В понедельник утром Лукьянчик покидал больницу и уже переодевался, когда Сосед бесшумно проскользнул в дверь и, как всегда, уселся на стул возле кровати Лукьянчика, чтобы лучше видеть Гурина. И сразу заскрипел своим надтреснутым голоском:
– Добренького утречка, товарищи дорогие… Ночью я сегодня глаз не сомкнул, все думал и пришел к понятию, что честность надо прививать человеку с детства. Раньше, бывало, церковь много для этого делала: не укради – бог накажет; на чужое добро руки не подними – бог накажет, и все такое прочее.
Теперь грудной ребенок знает, что бога нет, – вставил Лукьянчик, напяливая и обдергивая тесноватую рубаху.
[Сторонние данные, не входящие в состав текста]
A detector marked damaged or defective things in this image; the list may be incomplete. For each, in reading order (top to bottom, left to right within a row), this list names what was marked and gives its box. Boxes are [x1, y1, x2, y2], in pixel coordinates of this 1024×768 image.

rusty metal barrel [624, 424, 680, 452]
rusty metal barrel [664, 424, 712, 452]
– Это верно, – вздохнул старичок. – Теперь и церкви-то фактически нет. А дома ребенок что слышит? Вот соседи Петровы воруют и оттого живут лучше нас, и у ихнего Леньки уже есть велосипед. Так? А в школе что тому ребенку втолковывают? Что как он ни учись, хоть забрось тетради в канаву, а тройку он все равно получит, и ребенок прекрасно знает, что это учитель натягивает средний показатель успеваемости своего класса. Так? В пионерах его больше обучают пешему строю и хоровому пению, и так он до самого комсомола ни от кого не услышит, что воровство – это самое мерзкое, самое стыдное преступление перед людьми, потому что ты присваиваешь себе то, что принадлежит другому.
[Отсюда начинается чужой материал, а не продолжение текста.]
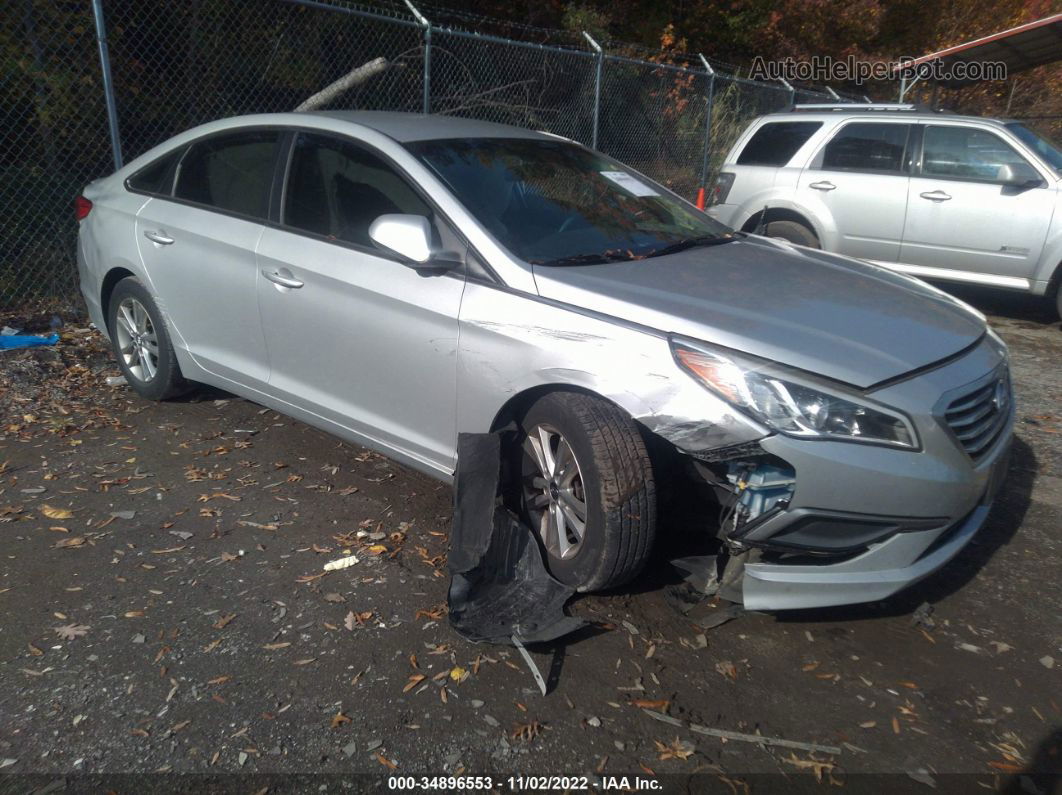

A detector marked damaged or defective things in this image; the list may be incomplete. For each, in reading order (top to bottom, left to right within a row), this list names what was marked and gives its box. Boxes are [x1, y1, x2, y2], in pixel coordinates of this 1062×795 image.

detached wheel [764, 218, 819, 246]
detached wheel [107, 275, 186, 399]
broken headlight housing [675, 335, 917, 445]
detached wheel [516, 390, 654, 590]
А если у того, другого, этого добра до черта? – весело возразил Лукьянчик, на ощупь повязывая галстук.
Старичок помолчал в секундной растерянности и ответил убежденно:
– Все равно, ты взял то, что должно было принадлежать другому, раз тебе оно не было дадено.
– А если ему не дадено только по ошибке или недоразумению и не грех ту ошибку исправить? – не отставал Лукьянчик.
– Нет, вы меня не запутаете. Я про другое… Значит, мы довели его человека – до комсомола. А тот комсомол направляет его студента в колхоз свеклу убирать. Я понимаю – в каникулы. А то за счет учебы и высшего образования. И студент думает: почему колхоз оставил свеклу в замороженной земле? Почему ему – студенту – надо бросить учебу и ехать сюда выламывать эту мороженую свеклу из земли? А ему поясняют: в этом колхозе председатель пьяница, завалил дело и расхитил колхозные средства… Или тот студент видит на своем товарище заграничную дубленочку – папа подарил. А папа у товарища всего-навсего заведует магазином, где мясо продают. Вот так наш молодой человек и идет по жизни, про честность ничего не слыша, но видя, что и без нее жить можно и даже без нее вроде можно жить и получше… Разве я говорю неправду?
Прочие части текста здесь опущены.